CMU Receives $265 Million Donation
Plus Seton Hill students participate in 'Labor of Love' and Duquesne lauded for social mobility.
>>GO FIGUREThe staggering size of a gift given to Carnegie Mellon University by William S. Dietrich II, a CMU trustee and former steel executive. The gift is easily the largest in CMU’s history and, according to the university, ranks as the eighth-largest gift from an individual to a private university in U.S. history. The gift ($265 million) is equal to approximately one-fourth of CMU’s total endowment, so the scope and impact of this gift on the university can’t be estimated.
"Serving as a trustee of Carnegie Mellon convinced me that Carnegie Mellon is not only a great university, but that it is an important driver of the future success of this region and its citizens,” Dietrich said last Wednesday on a webcast announcing the gift. In appreciation, CMU will be renaming the College of Humanities the Marianna Brown Dietrich College of Humanities and Social Sciences in honor of Dietrich’s mother.
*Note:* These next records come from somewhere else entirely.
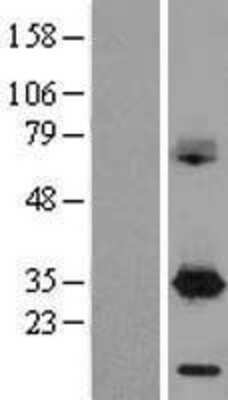 Western Blot: DAPP1 Overexpression Lysate (Adult Normal) [NBL1-09718] Left-Empty vector transfected control cell lysate (HEK293 cell lysate); Right -Over-expression Lysate for DAPP1.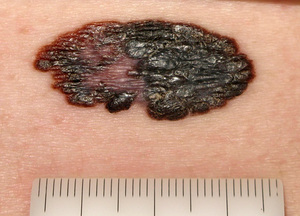 Симптомы меланоза Дюбрея Причины появления меланоза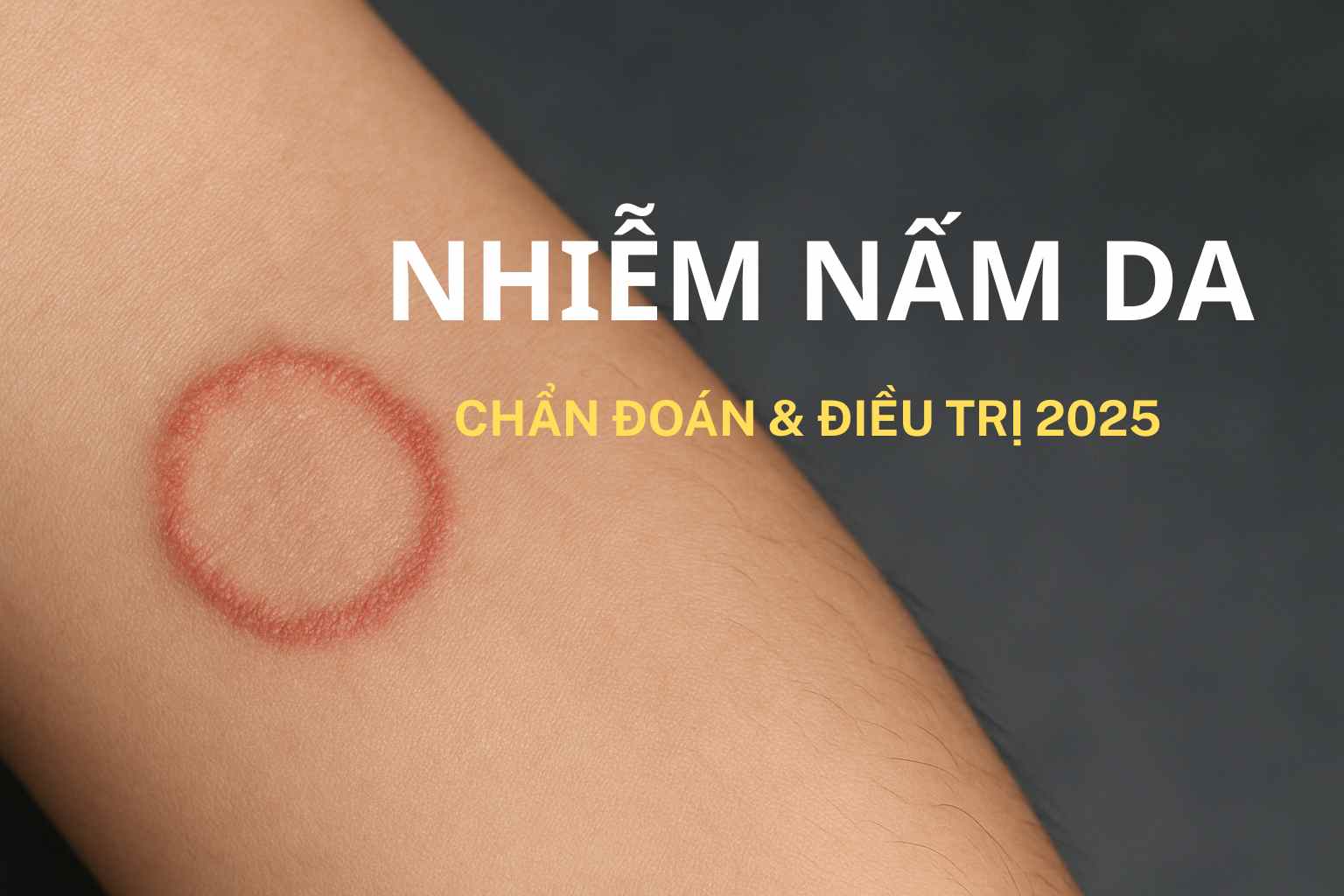 Nhiễm nấm da: Chẩn đoán & điều trị – BS Trương Lê Đạo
The fund becomes operational on Dietrich’s passing, and insiders and friends suspect that the philanthropist will soon announce an additional donation to the University of Pittsburgh.
-Sean Collier, PM Associate Editor
>>EXTRA CREDIT
Seton Hill University Students Pledge Time in Annual Event
A Seton Hill University student and faculty member team up on some landscaping at Caritas Christi, the Motherhouse of the Sisters of Charity of Seton Hill. The pair was among the 120-plus volunteers who participated in Seton Hill’s “Labor of Love, Saturday of Service” event, an annual event early in each fall semester. Volunteers worked at nine sites around the Greensburg area, from the Seton Hill Campus itself to the Greensburg YMCA and beyond; this photo shows a portion of the Fatima Shrine at the Motherhouse, a home to retired nuns in the Sisters of Charity.
>>CAN’T MISS
Chatham Conference Hopes to Inspire
Pennsylvania has never elected a female governor, attorney general or U.S. senator. In fact, women only make up about 17 percent of the Keystone State’s General Assembly. Founded with hopes of hearing more heels clicking down the halls of Harrisburg, Chatham University’s Pennsylvania Center for Women in Politics (PCWP) aspires to change those statistics. The school is hosting the Western Pennsylvania Inaugural Conference on Friday, Sept. 23 from 8:30 a.m. to 2 p.m. at the Omni William Penn Hotel downtown with the goal of elevating women’s interests in politics and public policy to more than just the fashion sense of our nation’s First Lady. The conference will feature the 2011 Elsie Hillman Chair in Women and Politics, former New Jersey Governor Christine Todd Whitman, as keynote speaker. Aspiring glass-ceiling-shatterers can expect to be informed, empowered and, of course, well fed.
-Richelle Szypulski, PM Editorial Intern
>>PROPS
Duquesne Lauded for Social Mobility
Like many publications, Washington Monthly publishes an overall list of the nation’s top colleges and universities. It puts a unique twist on the rankings; however, they’re most interested in how schools contribute to the public good, citing research, social mobility and service as the three main qualifiers. And in this year’s rankings, Duquesne University ranked 11th nationwide in social mobility. That category investigates how many low-income students a university admits and graduates, and Washington Monthly finds Duquesne to be exemplary in that regard. Duquesne was also ranked 16th for community service participation, and the school ranked in the top 100 overall. Congrats are in order!